Random (but not really)

Saturday, December 29, 2018

The Books of 2018: Audio Books

Raven Boys series by Maggie Stiefvater and narrated by Will Patton

The Dream Thieves (2013)(10/10), Blue Lily, Lily Blue (2014)(10/10), The Raven King (2016)(10/10)

I love this series, and I am delighted that Will Patton did an excellent job of narrating the series. There were a lot of southern accents here, as well as a British accent, and some non-Southern accents.

It does come out in later books that Blue’s mother is from southern WV, and he doesn’t get that accent, but that’s ok, because it’s a very specific accent and only WVians would know when it’s not quite right.

There are four different teenage boys, and the three women in Blue’s life, plus other characters, and it was always very clear who was speaking. It wasn’t just Adam’s accent making him different, but Roman’s brash growling, and Noah’s soft passivity.

It’s an excellent job on an excellent series.


The Rook (2012) by Daniel O’Malley narrated by Susan Duerden (9/10), Stiletto (2016) also by Daniel O’Malley and narrated by Moira Quirk (9/10)

I absolutely adored these books, and I was pleased to discover that I also enjoyed the audio versions–even if they two books had different narrators.
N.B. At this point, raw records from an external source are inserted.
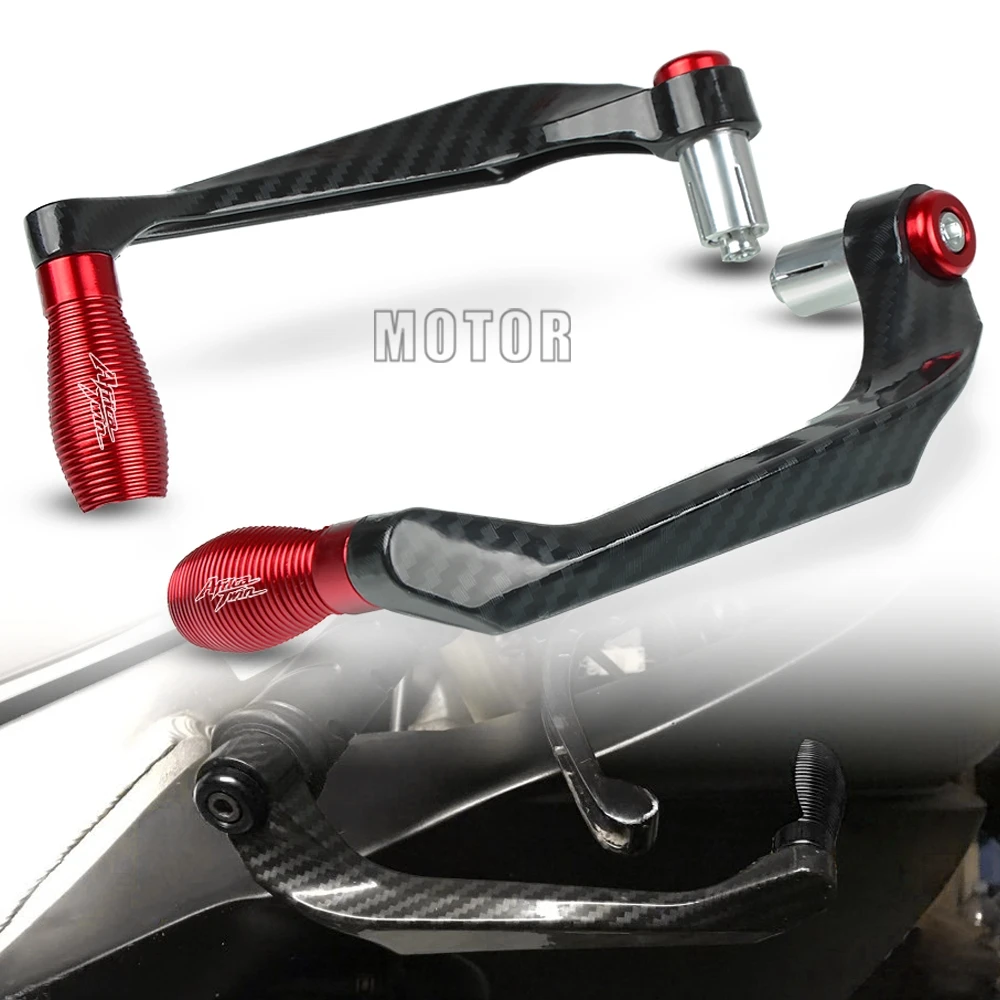 Рычаги для Honda XRV750 L Y/CRF1000L Africa Twin мотоцикла 7/8 дюйма 22 мм руль тормозной муфты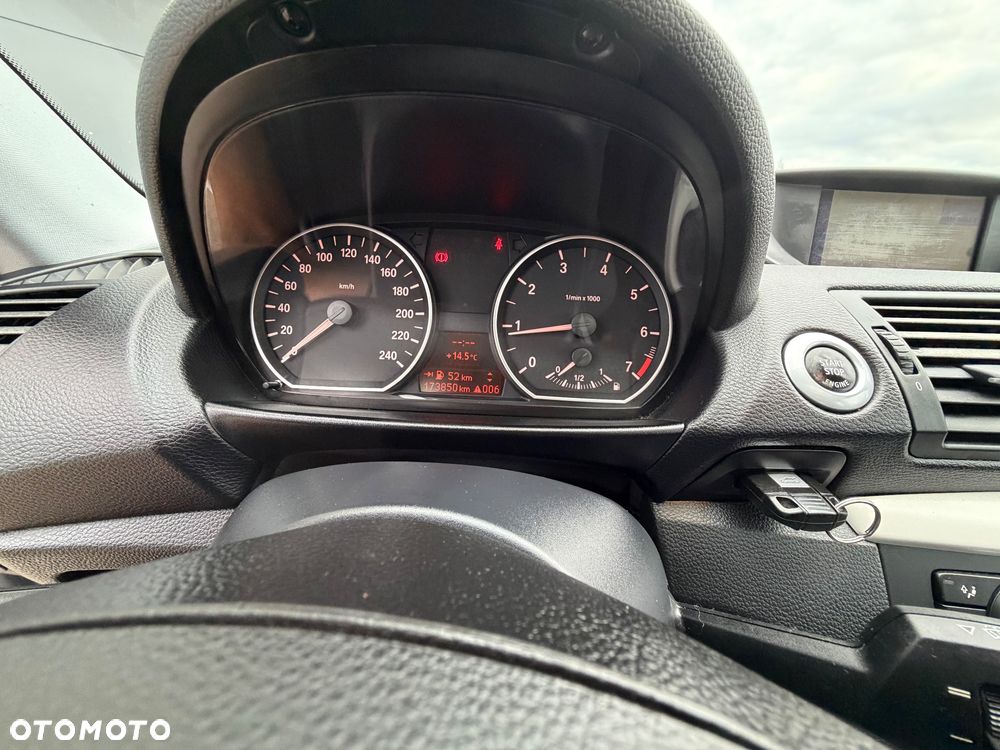 BMW Seria 1 116i Edition Lifestyle - 10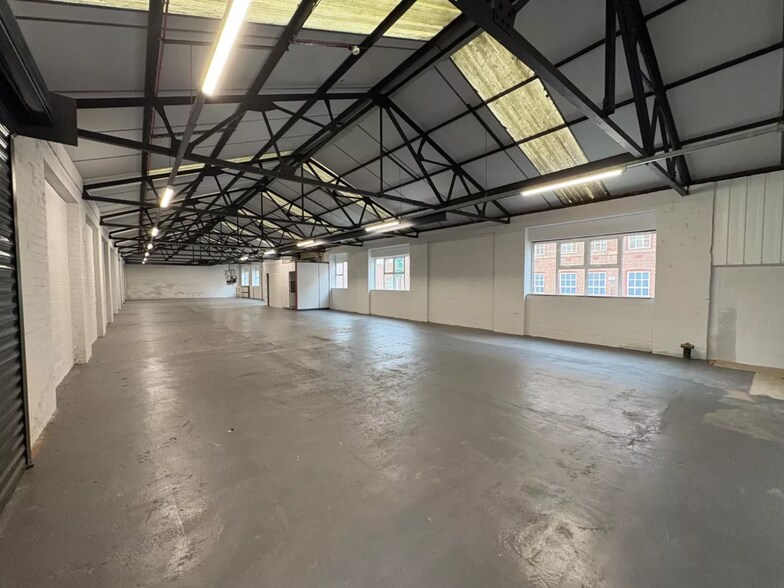 156 Matilda St, Sheffield à louer - Photo intérieure – Image 3 sur 6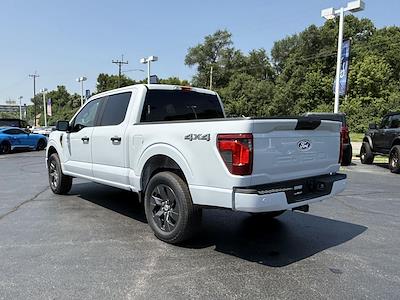 2025 Ford F-150 SuperCrew Cab 4x4 Pickup for sale #M01509 - photo 2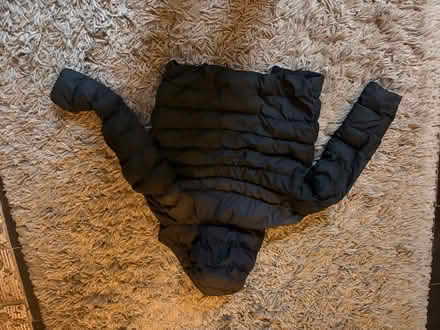 Photo of free Nike coat for child 10-12 years (Alton, Hants) #2
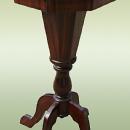 ADORABLE English Victorian Style work table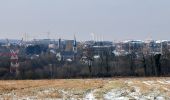 Trail On foot Hesperange - Fleche Bleu Itzig - Photo 8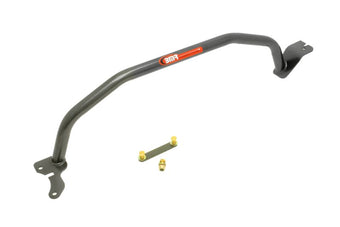 compare product BMR 08-09 Pontiac G8 Front Strut Tower Brace - Black Hammertone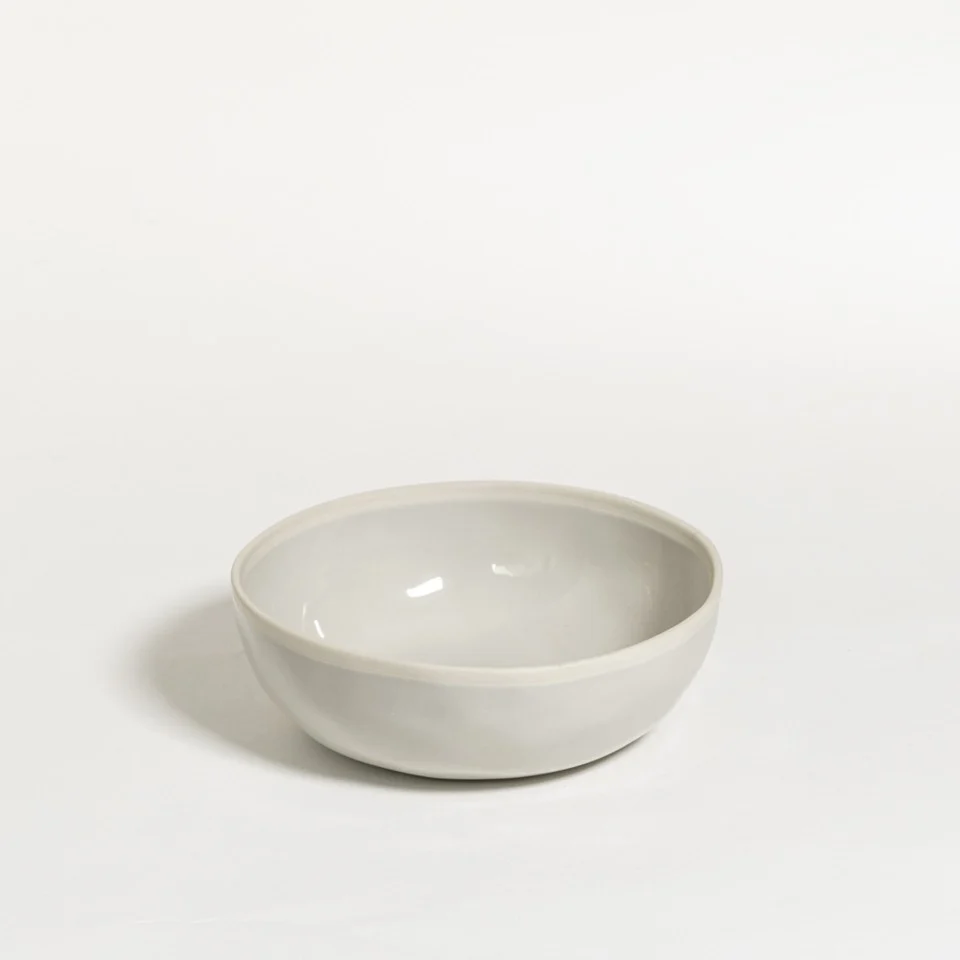 Table Atelier Kom 18 cm Mushroom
These books also had a lot of characters, and both narrators did a good job of giving various characters unique voices. And for a British narrator, the American accents weren’t awful. (It’s funny, I can’t place various British accents, but I do catch that different regions and classes have different accents. Which is why it always amuses me that so many Brits utterly fail to get an American accent–it’s always something general that definitely isn’t British, but also belongs to no region of the US.)


The Jane Yellowrock series by Faith Hunter and narrated by Khristine Hvam

Cold Reign (2017)(8/10), Cat o’ Nine Tales (2013)(9/10)

I really love her narration of Faith Hunter’s books.

There are not a lot of female characters in this series, but there are a LOT of male characters, and it wasn’t until I listened to another female narrator muddle all the male characters that I realized just how good of a job she does with this series.

And no, I haven’t listened to the most recently Jane book. I wanted to wait a bit–possibly close to the release of the next Jane book, which doesn’t even have a release date.


Shifting Shadows: Stories from the World of Mercy Thompson (2014) Patricia Briggs narrated by Alexander Cendese and Lorelei King (9/10)

This is an odd one. I don’t dislike Lorelei King’s narration, but she doesn’t do a great job of making all the male voices distinctive. But I really liked Alexander Cendese’s turns in these stories (far far more than the normal narrator for the Alpha & Omega series actually).


New Watch (2012/2014) by Sergei Lukyanenko, translated by Andrew Bromfield, narrated by Paul Michael (8/10) [Night Watch]

The first time I listened to the first book in this series, I had trouble with the fact that the dialog was done with accents, but narration was in an American accent. That was just really weird, but I did get used to it.

Aside from that quirk, I really enjoyed the narration of this series, even liking the narration of the first story in the second book better than reading it, because I found it a difficult story to read.


The Spenser series by Robert B. Parker and narrated by Burt Reynolds

Small Vices (1997)(9/10), Hush Money (1999/2000) [WARNING: The production and transfer to digital on this are awful. Truly terrible.] (8/10)

Small Vices is the reason I started reading the Spenser series, and Burt Reynold’s narration convinced me that maybe I might actually like fiction audio books.

In retrospect, after listening to other narrators read the Spenser books, I’m even more impressed with Burt Reynold’s. Some of the other narrators were so awful I absolutely couldn’t listen to them, and ended up re-reading rather than listening. Luckily those were books I borrowed from the library rather than purchasing.

I do want to note that the quality of Hush Money really is terrible. The narration is fine, but the transfer from tape / CD to digital is utterly horrible and decreased my enjoyment of the book.


The Nightside series by Simon R. Green and narrated by Marc Vietor

Hex and the City (2005/2008)(8/10), Sharper Than A Serpent’s Tooth (2006/2008)(9/10)

This is another British series with a British narrator, and I enjoyed the audio version, but when Michael wandered into the kitchen while I was cooking and listening, he said he didn’t care for the narrator.

Take that as you will.


Dead Men’s Boots (2007/2009) Mike Carey narrated by Michael Kramer (8/10) [Felix Castor]

This series has been the car book, and he does a decent job.

I will say that we’re currently on the 4th book, and I was completely thrown because they switched narrators, and it’s a very strange transition, because I really like the new narrator, BUT, I associate his voice with a different dark supernatural fantasy set in London. So that’s kind of bizarre. I suppose it’s an issue that if a narrator does a good job with a type of book, they want him to do another similar type, but as a listener, I want to associate that voice with a different world entirely.